Cytotoxicity automated workflow 

Biolog Phenotype DataFigure 2: Biolog phenotype data

 

Using the automated system in a biosafety hood, U-2 OS cells were dispensed into four separate microplates, which were then incubated overnight with real-time control and monitoring of environmental conditions (37 ºC, 5% CO2) and humidity levels. A series of staggered dispense routines were pre-programmed such that various concentrations of the diterpenoid, oridonin, with known anti-tumor properties, were added to a different microplate column every two hours, maintaining the environmental conditions between reagent additions. Ultimately, the microplate rows contained decreasing oridonin concentrations and the columns represented decreasing total incubation times. Software session timelines and environmental reports allow quick scrutiny of the process and system status, sending text or email notifications and alerts to bypass the need for onsite monitoring. Cells were treated with various concentrations of oridonin along with Hoechst 3342 and Promega’s CellTox™ Green to stain total and cytotoxic cells, respectively, and the plates were automatically imaged every 1.5 hours using Cytation 5’s DAPI and GFP channels. Oridonin’s cytotoxicity effects on the cells, per Figure 1, are consistent with expectations, and automated scheduling of sample preparation and data collection offers improved consistency and unattended operation versus manual methods. 

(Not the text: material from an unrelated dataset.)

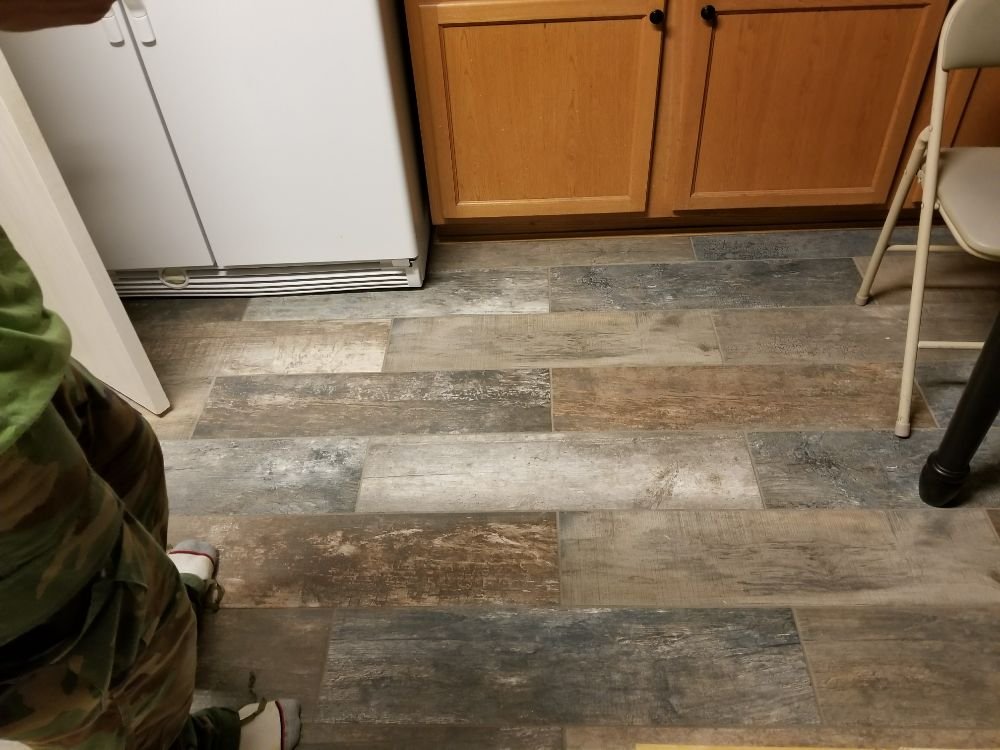 Slide of Dfw Innovations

Phenotype microarray automated workflow 

To further illustrate efficient automation with minimal manual intervention, multiple metabolic pathways were tested simultaneously using Biolog’s Phenotype MicroArray™ along with the automated workflow, consisting of BioSpa 8, MultiFlo FX, and Cytation 5. Here, U-2 OS, HEK 293, NIH3T3, and MDA-MG-231 cells were resuspended in appropriate media, dispensed into Phenotype MicroArray panels M1 to M4, and incubated in the BioSpa 8 for 48hours at 37 ºC, 5% CO2. This incubation allows the cells to adapt and consume any residual nutrients prior to phenotype testing. Additionaly the long incubation window lends itself to running multiple assays, or co-incubating with a short-term assay, concurrently, to further enhance laboratory efficiency. After incubation, formazan dye was added to the wells, and Cytation 5 was used to measure kinetic absorbance at 590 nm every 20 minutes for 12 hours. A heat map showing the change in absorbance over the first two hours (Figure 2) shows that the cell lines react differently to the sampling of substrates, and this representation can be carried through to all 367 metabolic substrates tested. 

Conclusion 

The two assays described involved extensive cell-based assay workflows. Each of these workflows have been completely automated with cost-effective instrumentation providing both high precision results and freedom to the operator to perform other tasks. In addition, the Cytation 5 Cell Imaging MultiMode Reader is capable of using both CCD-based microscopy and PMT-based multimode detection for a wide range of cell-based assays, as demonstrated by these two examples using fluorescence microscopy and colorimetric detection.